The original Greek text shows “every disease and every illness”. It is not that on every occasion when Jesus encountered disease or illness he brought healing; rather, Jesus’ healing power extended to every kind of disease and to illness of every description. Matthew has his readers realise that Jesus’ authority extended across all kinds of ailments: there was no form of disease or illness that our Lord could not heal.
Consider Jesus’ life to this point. He was raised in humble circumstances in Galilee. Growing up in that town he would have been exposed to death and grief, sickness and disability. After his baptism by John, and as his reputation as a healer grew, he would have encountered even more cases of disease and illness, hopelessness and despair. He would have known the anguish of carers as much as the pains of those in need of continual care. He would have seen more outcasts of society than most of us ever will.
When he saw the crowds, he had compassion on them (v. 36). He had compassion not because there were sick people in the crowds, nor because among them were the frail and aged, but because “they were harassed and helpless, like sheep without a shepherd”.
This is juxtaposed in Matthew’s Gospel with verse 34 where the Pharisees, those who could and should have been “shepherds” to these crowds, were instead engaged in disparaging Jesus’ ministry.
Jesus’ compassion towards the crowds led him to instruct his disciples to pray. He did not instruct them to pray for healers. He did not instruct them to pray for an end to disease. He instructed them to pray for more workers in the harvest field of the Lord.
When we encounter Jesus’ description of the harvest in the Gospels, we see he is speaking of those to be gathered into the kingdom of heaven. He wanted his disciples then, and he wants his disciples today, to ask the Lord of the harvest to send out workers into his harvest field.

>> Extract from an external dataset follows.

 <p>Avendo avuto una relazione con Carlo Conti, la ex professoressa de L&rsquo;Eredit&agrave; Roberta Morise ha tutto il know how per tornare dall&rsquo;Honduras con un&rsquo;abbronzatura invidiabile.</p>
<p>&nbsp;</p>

There is much for which we may pray. There is much for which our Lord will want us to pray. But as we observe society around us, as we observe the rise of secularism and of other faiths in the world, we can see why it is one of our Lord’s imperatives that we continue to ask the Lord of the harvest to send workers into the harvest fields – across the corridor as much as across the world.
Lord, send out workers into your harvest field.